Most of Maine's eight woodpecker species are nonmigrants: here year-round. Only the Yellow-bellied Sapsucker and the flicker migrate. The sapsucker, as its name indicates, relies on sap from little wells it drills in trees (see any apple tree for an example) and insects drawn to the sap. So for obvious reasons it needs to head south where sap still flows. The flicker, however, has a more flexible diet and may go or stay. Southern Maine is the northernmost extent of its year-round range, so while most of the state harbors few to none during winter months, some birds may linger along the coast. Beech Hill in Rockport regularly hosts several flickers through the cold months, during which the birds subsist on bayberries and other fruits, seeds, bugs, and grubs they might glean from under bark and dead leaves.

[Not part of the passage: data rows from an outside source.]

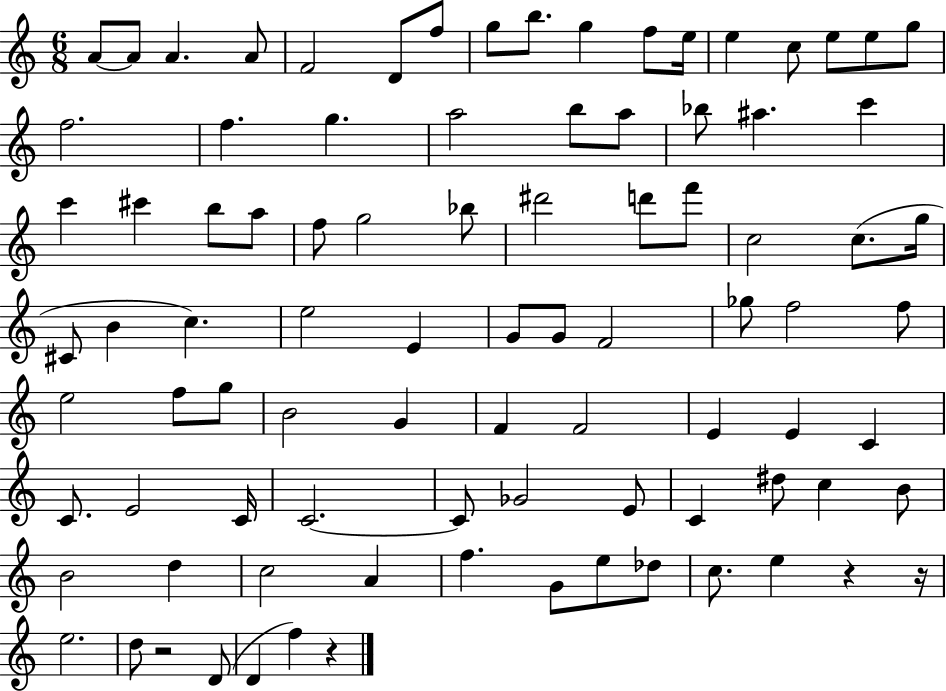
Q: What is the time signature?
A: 6/8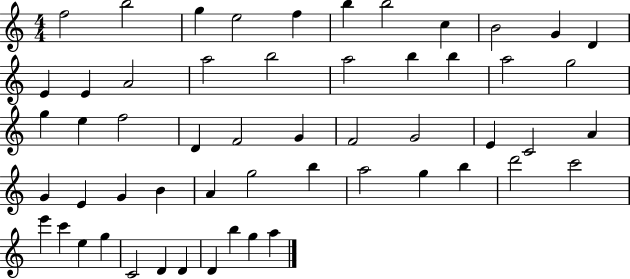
{
  \clef treble
  \numericTimeSignature
  \time 4/4
  \key c \major
  f''2 b''2 | g''4 e''2 f''4 | b''4 b''2 c''4 | b'2 g'4 d'4 | \break e'4 e'4 a'2 | a''2 b''2 | a''2 b''4 b''4 | a''2 g''2 | \break g''4 e''4 f''2 | d'4 f'2 g'4 | f'2 g'2 | e'4 c'2 a'4 | \break g'4 e'4 g'4 b'4 | a'4 g''2 b''4 | a''2 g''4 b''4 | d'''2 c'''2 | \break e'''4 c'''4 e''4 g''4 | c'2 d'4 d'4 | d'4 b''4 g''4 a''4 | \bar "|."
}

Thousands of flickers clear out from northern Maine and Canada each fall, however. These migrants pile up in coastal areas and on offshore islands as they make their way south, where living is somewhat easier. So while many birders are drawn to Monhegan for its fall falcon show, that show wouldn't be nearly as exciting or complete without the concomitant flicker show. A species' migration routine has evolved, in large part, around its food. This ritual dance between falcon and flicker, hunter and prey, tells an age-old story of survival that we birders follow with such fascination, because, perhaps, we recognize something of our own in their struggle.
Kristen Lindquist is an amateur naturalist and published poet who lives in her hometown of Camden.